Em uma rara entrevista gravada para o site do jornal O Nogueirense, em maio de 2021, é possível perceber como a revolta do empresário foi alimentada, ao longo dos anos, com informações tiradas de contexto e fake news, dessas que correm nos grupos de WhatsApp para justamente provocar revolta dos eleitores — como um suposto "roubo" de R$ 84 bilhões dos fundos de pensão, do qual Lula nunca foi acusado, a geração de milhões de empregos na China às custas do fechamento de fábricas brasileiras e o envolvimento de uma filha do ex-presidente com uma ONG suspeita.

Na entrevista, ele se gabou da repercussão e do número de visualizações dos vídeos em que ameaça Lula e disse que tudo não passou de uma "gozação entre amigos". "Atirei no escuro e acertei no alvo. Agora o estrago está feito."

Sabatini contou que quis gravar o vídeo após o ex-presidente deixar a prisão, em 2019, por ordem do STF.

Classificou o ato como uma rebeldia e atribuiu o ódio ao PT a um episódio citado por ele como "traumático", quando morava e trabalhava em São Paulo, em que um sindicalista o teria convidado a participar de greves e praticar atos de violência nos anos 1970, durante a ditadura. O Partido dos Trabalhadores, porém, só foi criado na década seguinte.

Sabatini classificou o governo petista como um desastre e manifestou revolta com um pedido de clemência, assinado por Dilma Rousseff, para o governo da Indonésia libertar um cidadão brasileiro condenado à morte por tráfico de drogas no país.

Foi o suficiente para ele concluir que Lula, Dilma e o PT tinham solidariedade apenas com traficantes, nunca com policiais.
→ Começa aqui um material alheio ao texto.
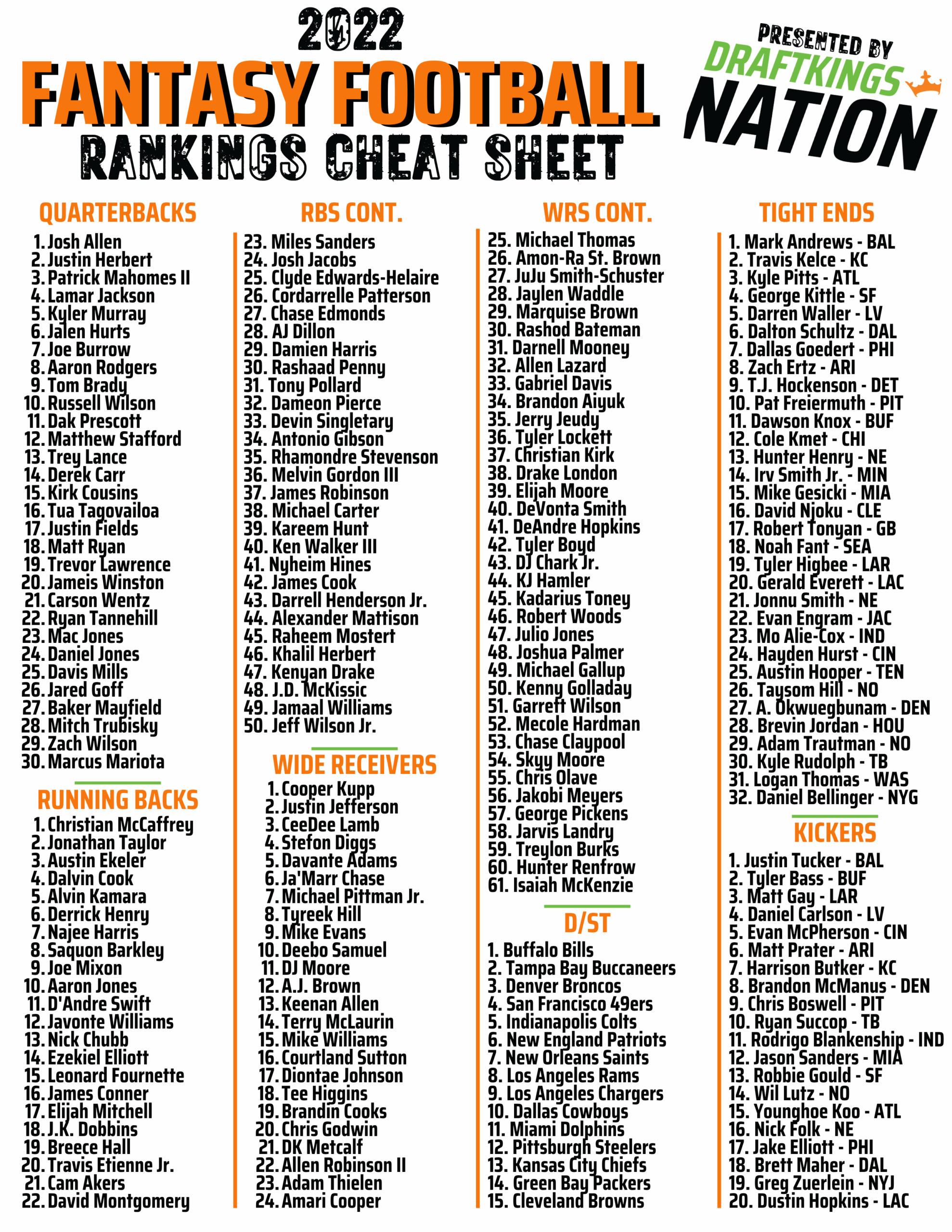 Fantasy Football 2025 Cheat Sheet Printable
Sabatini sugeriu que o governo faria melhor se, em vez de "dar dinheiro para a UNE e a Lei Rouanet", comprasse inseticida para proteger as crianças brasileiras do mosquito da dengue.

Casa de José Sabatini, numa rua tranquila de Artur Nogueira - Matheus Pichonelli/UOL - Matheus Pichonelli/UOL
Casa de José Sabatini, numa rua tranquila de Artur Nogueira
Imagem: Matheus Pichonelli/UOL

Fã de Pepe Mujica

Sobre Bolsonaro, ele disse admirar o trabalho do atual presidente e o comparou a Pepe Mujica — ex-presidente uruguaio considerado uma referência da esquerda na América Latina —, de quem se disse um fã em razão de sua honestidade.
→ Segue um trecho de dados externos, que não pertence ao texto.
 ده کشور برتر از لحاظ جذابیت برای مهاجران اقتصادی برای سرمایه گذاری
O empresário deixou claro também que tinha planos para entrar na política, de preferência pelo PTB de Roberto Jefferson. O vídeo, segundo ele, era uma "carruagem" em direção à vida pública que passou por sua casa e na qual deveria embarcar.

Não foi bem o que aconteceu.

Um amigo de velha data diz que não se pode dissociar o extremismo de Sabatini a sua trajetória pessoal. "Ele era um visionário. Trabalhou anos com motores hidráulicos, a princípio como empregado, e criou uma peça nova, que patenteou, levou para sua própria empresa e passou a vender pelo Brasil inteiro. Ele é realmente bom nisso. Mas, quanto mais poder e dinheiro a pessoa tem, pior ela fica", lamenta.
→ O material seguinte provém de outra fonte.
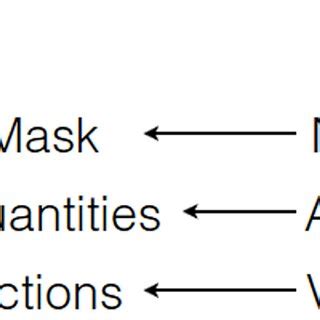 Class Structure with Example 的图像结果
O mesmo amigo observa uma relação de base psicológica entre a devoção a Bolsonaro e o histórico familiar de Sabatini, marcado por desavenças e agressões. Era como se o empresário buscasse em um líder político que tanto fala em restaurar a ordem e a defesa das famílias uma forma de dar sentido, ganhar respeito e compensar as frustrações deixadas pelas brigas particulares.

A reportagem entrou em contato com Sabatini por meio de seu advogado. O defensor, porém, disse que não iria fazer nenhum comentário.

Procurada, a seção paulista da Ordem dos Advogados do Brasil informou, em nota, que não admite nenhum tipo de violência, sobretudo contra a advocacia, e está à disposição para que as garantias das prerrogativas dos profissionais sejam preservadas e as eventuais condutas criminosas, apuradas.